Old-fashioned Nottingham café reopens selling 'cheapest coffee in the city'

Church warden Dorothy Mountford and cafe manager Kosta Konstantinos at St Peter's Coffee Room in Nottingham
Church warden Dorothy Mountford and cafe manager Kosta Konstantinos at St Peter's Coffee Room in Nottingham -Credit:Joseph Raynor/ Nottingham Post

A old-fashioned Nottingham cafe, hidden in plain sight, is being catapulted into 2024... minus the high prices. The coffee shop is located at the medieval church, St Peter's, in the heart of the city centre but because it's tucked away many by-passers don't even know it's there.

The appointment of a new manager has led to a revamp, a new menu, and a fresh approach in the hope of attracting younger customers without alienating the older loyal regulars. St Peter's Coffee Room, up the steps (or via a ramp at the side) has been at St Peter's Gate next to M&S for 20 years but at the end of 2023 the manager retired after 20 years of serving toasted teacakes, quiche, scones and soup.

The 50-seater cafe, which closed just before Easter, has now reopened - Monday to Saturday - following the appointment of Kosta Konstantinos, who has a wealth of experience in hospitality and previously worked as catering manager at the House of Fraser's Cafe Zest.

Get the latest What's On news straight to your phone by joining us on WhatsApp

New decor has brightened up the space. Kosta said: "It was really dark, really dated. It's a fresh start to make it more inviting and more bright. You can't change a lot of things but you can change small things. Next week I'm waiting for all my flowers and plants to come to make it more alive."

This week it's just sandwiches and cakes but next week will be the launch of the full menu. Old favourites still remain but new items include avocado on toast, toast with toppings such as Nutella and banana, granola, pastrami sandwiches, salmon bagels and Croque Monsieur.

St Peter's Coffee Room at the church in Nottingham
St Peter's Coffee Room at the church in Nottingham -Credit:Joseph Raynor/ Nottingham Post

Customers can get a pot of tea for £2.20 or an Americano for £2.30 - some of the cheapest prices in the city centre for a sit-down drink. All the food is £5.70 and under, while a fruit scone is £2.20 and a slice of cake £3.30. Profits go towards restoring the Grade I listed church, parts of which date back to the 13th century.

Kosta, 48, brings energy, enthusiasm and creativity to the role. As a shy 16-year-old his first job was cleaning 3,000 shrimps a day in a taverna in Greece. As a young gay man he felt safe and that's an environment he strives to create today.

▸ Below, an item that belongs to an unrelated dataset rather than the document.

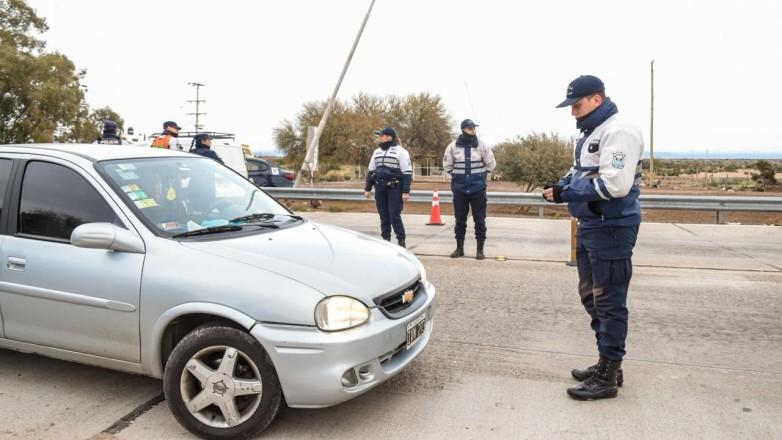 San Juan y Mendoza desplegaron un control conjunto en el paso de Control San Carlos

"Being gay abroad wasn't easy when I was growing up. When I applied for this job, I knew the church and its inclusivity and support of the LGBT community so it's already a safe place," he said.

The reason why the prices are as low as they are is because there are just two paid members of staff, Kosta and trainee assistant manger Rio Barrett, 18, who used to work for Cartwheel coffee shop in Low Pavement, Nottingham, before its closure.

The entrance to St Peter's Coffee Room
The entrance to St Peter's Coffee Room -Credit:Joseph Raynor/ Nottingham Post

Some of the volunteers are foreign students, who frequent the church. An economics student from Nigeria will be starting there on Saturday. She'd offered to wash up but Kosta is encouraging her to operate the till, serve customers and learn more skills than simply washing pots.

"If people want to pick up new skills I'm more than happy to teach them and mentor them. Why hide in the kitchen when you can learn new skills?" he said.

One of Kosta's goals is to attract younger customers by adding millennial and Gen Z favourites such as avocado on toast and drinks like matcha, chai and iced lattes. Moving forward the cafe could be renamed and Kosta is hoping to promote it on Instagram and set up a pre-ordering system for lunchtime salads and sandwiches.

One original aspect that hasn't changed is the coffee room's artwork on the ceiling of cross keys representing St Peter, heaven's gatekeeper.

Dorothy Mountford, church warden and coffee shop director, said: "Kosta brings creativity, vision and heart. We want to bring it into 2024 but still have our own identity. I know we can do that.

"We have a very loyal customer base and we don't want to looe those older people. It's about welcoming people and making them feel comfortable. A lot of people come in here because they're lonely. A lot say to me it's the only place in Nottingham they feel comfortable to sit at a table with other people they don't know. But some people walk past and don't know it's here."